Миссис Каннинг была одной из первых красавиц своего времени, а в этом (1760) году находилась в самом зените расцвета своей красоты. Ее главной отличительной чертой, если таковую вообще можно выделить среди идеальных, была ослепительная, ни с чем не сравнимая свежесть ее лица. Ей было всего тридцать лет, но, не смотря на иногда чрезмерно бурно прожитые годы, лицо ее сохраняло белизну и румянец девичества, и она предпочитала яркий дневной свет (которого многие прочие женщины стараются избегать), потому что он весьма выгодно подчеркивал эту свежесть. Вследствие этого, однажды утром, спустя недели две после встречи в длинной галерее, она сильно встревожилась, обнаружив на левой щеке, на дюйм или два ниже глаза (у нее были прекрасного бирюзового цвета глаза), сероватый участок кожи, размером примерно в трехпенсовик. Ни обычные мази, ни притирания не помогли; не помогло искусство косметологов и врачей.
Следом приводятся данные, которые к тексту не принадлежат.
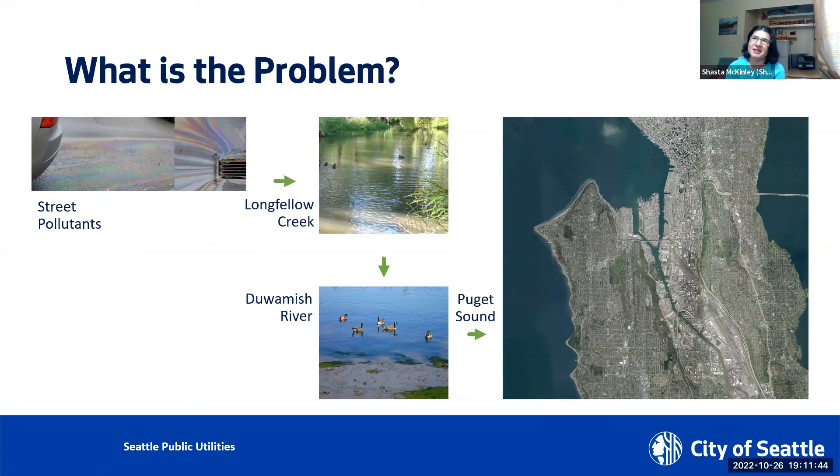We have a beautiful city that's surrounded by natural resources, and we get a lot of rain. Rain that falls on this neighborhood's roofs, driveways, parking lots, and streets flows into Longfellow Creek and eventually reaches the Puget Sound.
Целую неделю провела она в уединении, изнуряла себя непривычным одиночеством и строгим образом жизни, но к концу недели вынуждена была констатировать, что это ни к чему не привело: пятно утроилось в размерах. Причем дальнейшее развитие неизвестной болезни, чем бы они ни была, приняло ужасный вид. Из центра блеклого пятна во все стороны протянулись жилки, подобные поросли лишайника, вдобавок, на нижней ее губе, появилось еще одно такое же пятно. Вскоре и оно обрело отростки, а однажды утром, ожидая с ужасом, что готовит ей грядущий день, она обнаружила, что видит окружающие предметы как бы размытыми. Она бросилась к зеркалу и то, что она увидела, заставило ее закричать от ужаса. Из-под верхних век, на которых за ночь возникло некое подобие гриба, протянулись отростки, напоминающие корни, мешающие видеть. Спустя время болезнь перекинулась на язык и горло, ей стало трудно дышать, и смерть, наступившая от удушья, стала милостивым избавителем от невыносимых страданий.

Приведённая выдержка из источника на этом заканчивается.